====== Data section ======
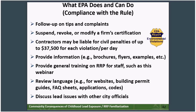We are always seeking new ways to become more proactive in educating people about the renovation or RRP rule and for keeping contractors on the right path. EPA can provide general training on RRP regulations and programs for your staff, such as this webinar. EPA can also review language for websites, building permit guides, frequently asked question sheets, fact sheets, applications, codes, or ordinances. EPA can also discuss lead issues with other city officials such as your council or management.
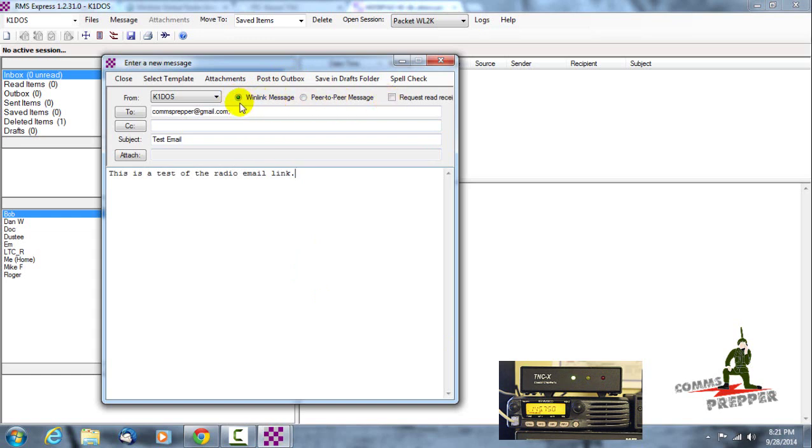A winlink message which will format this for the winlink system, and then you can also do peer-to-peer messaging with this application. I'll do a separate video on that once I find another radio operator in the area to partner up with.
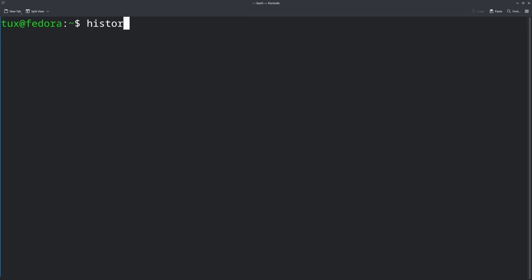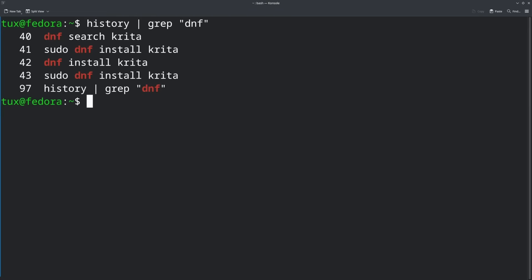One of the most useful approaches is combining the history command with the grep command. If you use: history | grep "apt" — it will find and list all of the past commands you have run that contain the letters "apt". So basically whatever apt command you've run, it will show you all of them. You can also extend that search to whatever you want, which is really cool.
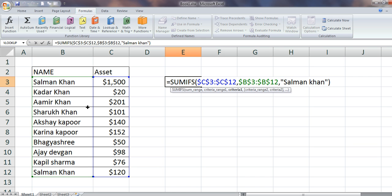That means I am going to use some kind of condition which is dynamically decided, and here comes the utility of wildcards. There are two wildcards: one is asterisk and one is question mark.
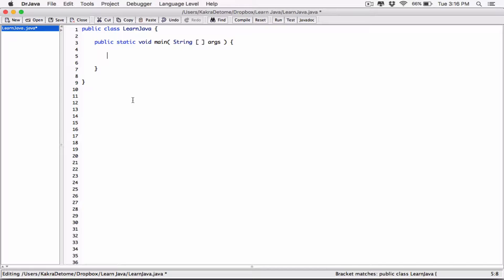We need a way to represent decimals — numbers with a period in them, like 2.5, 8.6, or 27.5. We need a data type to represent those. Those kinds of numbers are called floating point numbers. That's the term for what you already know as decimals. Just like integers are broken down into four types, floating point numbers are broken down into two types: floats and doubles.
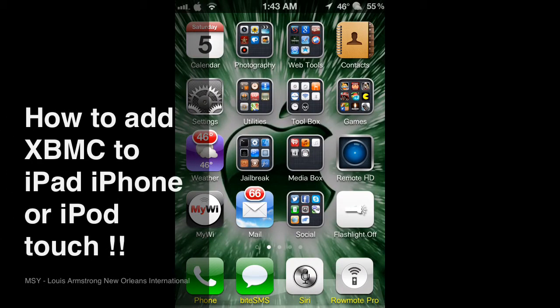YouTube. In this video I'm going to show you how to add XBMC to your iPad or iPhone.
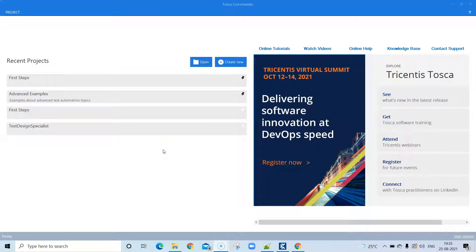Welcome to this lesson in the Tosca automation course. Today we are going to see what Tosca Commander is — a high-level overview of all the different modules present in Tosca Commander — and we'll see how you can run an example test case or test project, as well as how you can start automating your application using Tosca Commander with a sample test case.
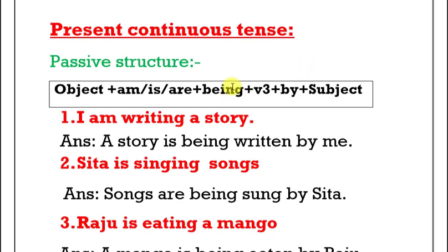Hello friends, welcome back to GP English Grammar. In this video, I would like to share with you a topic: how can we change a sentence from active voice into passive voice.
======
:: Exercise goal ::
Set down word for word every line from the line containing "We need a way" through the last line of the entries, and nothing more; no pictures.

:: Output of the task ::
We need a way to represent decimals — numbers with a period in them, like 2.5, 8.6, or 27.5. We need a data type to represent those. Those kinds of numbers are called floating point numbers. That's the term for what you already know as decimals. Just like integers are broken down into four types, floating point numbers are broken down into two types: floats and doubles.
YouTube. In this video I'm going to show you how to add XBMC to your iPad or iPhone.
Welcome to this lesson in the Tosca automation course. Today we are going to see what Tosca Commander is — a high-level overview of all the different modules present in Tosca Commander — and we'll see how you can run an example test case or test project, as well as how you can start automating your application using Tosca Commander with a sample test case.
Hello friends, welcome back to GP English Grammar. In this video, I would like to share with you a topic: how can we change a sentence from active voice into passive voice.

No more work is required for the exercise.